Provided data:
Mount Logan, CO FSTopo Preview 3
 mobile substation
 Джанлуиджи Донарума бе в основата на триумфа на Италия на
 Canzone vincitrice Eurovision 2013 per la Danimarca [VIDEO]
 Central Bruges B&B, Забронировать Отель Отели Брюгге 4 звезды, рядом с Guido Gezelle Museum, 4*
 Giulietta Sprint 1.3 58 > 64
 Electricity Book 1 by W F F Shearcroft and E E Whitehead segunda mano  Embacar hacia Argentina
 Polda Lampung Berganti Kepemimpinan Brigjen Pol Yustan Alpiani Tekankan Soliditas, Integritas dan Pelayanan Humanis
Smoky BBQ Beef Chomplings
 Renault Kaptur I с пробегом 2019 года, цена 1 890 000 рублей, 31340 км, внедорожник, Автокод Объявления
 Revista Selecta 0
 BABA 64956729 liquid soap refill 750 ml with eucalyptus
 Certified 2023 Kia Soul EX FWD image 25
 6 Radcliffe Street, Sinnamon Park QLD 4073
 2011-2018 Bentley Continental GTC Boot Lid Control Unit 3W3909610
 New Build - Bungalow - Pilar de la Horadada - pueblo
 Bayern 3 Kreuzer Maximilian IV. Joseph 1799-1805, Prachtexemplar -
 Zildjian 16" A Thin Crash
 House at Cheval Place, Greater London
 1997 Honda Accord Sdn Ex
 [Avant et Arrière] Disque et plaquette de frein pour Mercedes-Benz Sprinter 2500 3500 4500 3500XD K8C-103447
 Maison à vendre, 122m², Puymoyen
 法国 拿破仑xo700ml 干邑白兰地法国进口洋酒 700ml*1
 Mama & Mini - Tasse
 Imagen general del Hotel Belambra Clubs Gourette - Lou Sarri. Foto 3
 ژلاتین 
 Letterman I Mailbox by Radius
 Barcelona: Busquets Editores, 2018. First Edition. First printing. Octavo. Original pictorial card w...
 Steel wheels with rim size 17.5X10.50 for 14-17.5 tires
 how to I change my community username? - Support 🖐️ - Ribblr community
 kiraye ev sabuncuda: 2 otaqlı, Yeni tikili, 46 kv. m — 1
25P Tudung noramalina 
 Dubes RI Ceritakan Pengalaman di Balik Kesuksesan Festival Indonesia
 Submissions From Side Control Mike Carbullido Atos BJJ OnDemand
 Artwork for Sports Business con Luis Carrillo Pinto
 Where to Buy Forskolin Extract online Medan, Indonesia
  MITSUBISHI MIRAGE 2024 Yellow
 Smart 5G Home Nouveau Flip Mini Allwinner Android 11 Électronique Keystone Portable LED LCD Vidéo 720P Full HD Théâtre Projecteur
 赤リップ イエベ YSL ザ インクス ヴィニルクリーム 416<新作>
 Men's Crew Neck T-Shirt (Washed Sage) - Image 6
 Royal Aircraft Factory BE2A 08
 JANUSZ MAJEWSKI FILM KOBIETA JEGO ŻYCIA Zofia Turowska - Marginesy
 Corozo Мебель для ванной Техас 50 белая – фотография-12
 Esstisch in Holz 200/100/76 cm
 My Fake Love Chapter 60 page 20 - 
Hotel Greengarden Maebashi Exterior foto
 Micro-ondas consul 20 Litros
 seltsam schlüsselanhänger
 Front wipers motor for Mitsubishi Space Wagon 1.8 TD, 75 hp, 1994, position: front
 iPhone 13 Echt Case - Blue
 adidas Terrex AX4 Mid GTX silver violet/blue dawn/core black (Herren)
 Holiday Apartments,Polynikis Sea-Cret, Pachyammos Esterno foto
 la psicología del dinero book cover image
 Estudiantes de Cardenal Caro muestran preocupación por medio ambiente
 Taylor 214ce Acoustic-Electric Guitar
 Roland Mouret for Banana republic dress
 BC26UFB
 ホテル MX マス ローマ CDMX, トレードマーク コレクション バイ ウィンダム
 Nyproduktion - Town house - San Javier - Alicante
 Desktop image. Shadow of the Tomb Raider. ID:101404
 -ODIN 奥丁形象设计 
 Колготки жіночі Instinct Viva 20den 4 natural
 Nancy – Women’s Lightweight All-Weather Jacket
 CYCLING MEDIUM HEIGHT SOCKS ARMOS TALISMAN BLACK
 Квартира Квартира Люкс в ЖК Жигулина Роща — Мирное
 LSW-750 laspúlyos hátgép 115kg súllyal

What is required:
Starting at the line above that holds "Submissions From Side" and ending at the line that holds "MITSUBISHI MIRAGE 2024 Yellow", transcribe each line exactly and include no other lines.

Result of this exercise:
 Submissions From Side Control Mike Carbullido Atos BJJ OnDemand
 Artwork for Sports Business con Luis Carrillo Pinto
 Where to Buy Forskolin Extract online Medan, Indonesia
  MITSUBISHI MIRAGE 2024 Yellow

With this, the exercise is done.